A. Les relations avec les administrations

Sen, lorsqu’il décrit le mécanisme de conversion des droits en capabilités (liberté réelle) et la dimension subjective des droits, souligne le rôle capital de l’accès à l’information [Sen, 2000, p. 211]319. Le degré de proximité conditionne largement les représentations que les « administrés » se font de l’administration [Chevallier, 1992]. Un décalage culturel entraîne une vision tronquée et schématique de l’univers administratif. Ici en l’occurrence, déroutées par un vocabulaire qui leur est étranger, les femmes ont du mal à exprimer leurs préoccupations et leurs revendications. Leurs propres logiques se heurtent aux logiques bureaucratiques dont le fonctionnement rigide et rationnel exige calcul et prévision320. L’absence de souplesse est largement incompatible avec des raisonnements fondés sur l’urgence. Les termes utilisés par les femmes à propos des différents services administratifs illustrent bien la manière dont elles se représentent l’écheveau des aides et l’opacité du système : « cette grosse truc » pour parler de la Caisse d’allocations familiales, « le machin » pour désigner le Centre communal d’action sociale ou encore le « bazar » à propos de l’échéancier Banque de France.

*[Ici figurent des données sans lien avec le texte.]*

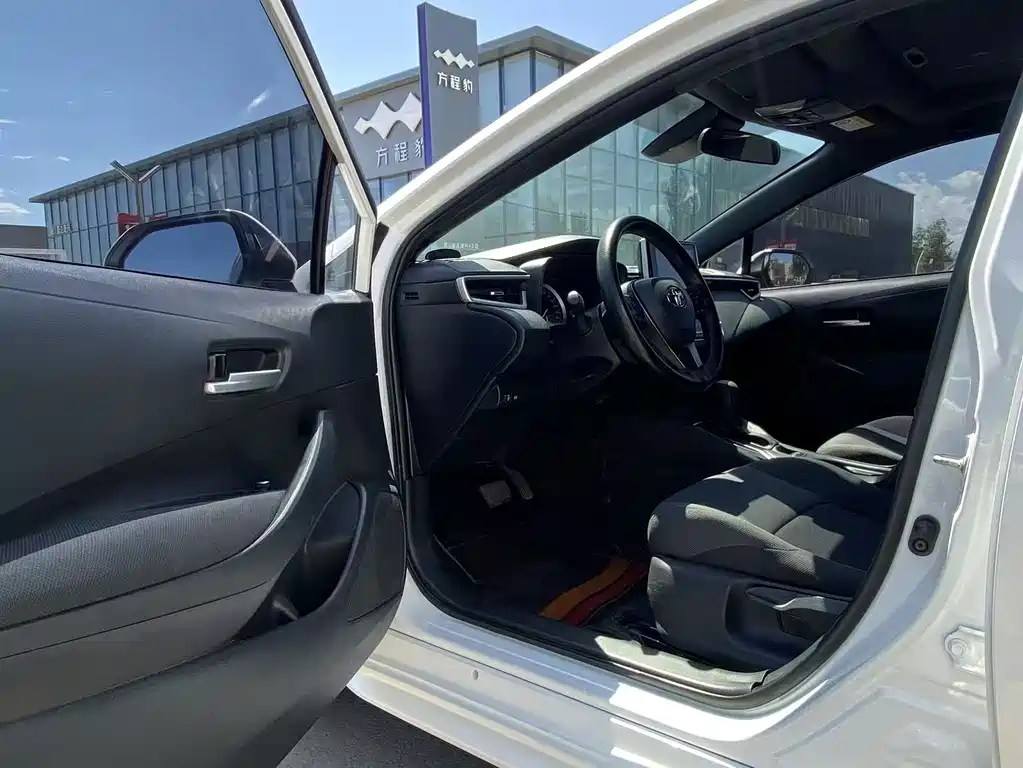 Toyota Levin 2024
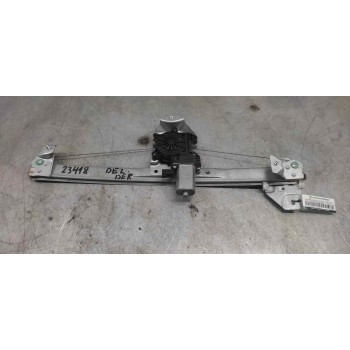 Recambio de elevalunas delantero derecho para dacia dokker essential referencia OEM IAM 128001471B 2 PINS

L’obligation quasi-systématique de remplir des formulaires est une barrière supplémentaire. On imagine mal à quel point la « paperasse » peut être source d’appréhension et d’anxiété :

‘« Est-ce que je me suis pas trompée ? Je vais relire deux, trois, quatre fois avant d’aller le remettre, en main propre pour être sûr que ça arrive », nous dit Meïla à propos des documents administratifs (M. 28 ans, divorcée, 3 enfants, bénéficiaire du Rmi, vit en foyer, BEP non terminé). ’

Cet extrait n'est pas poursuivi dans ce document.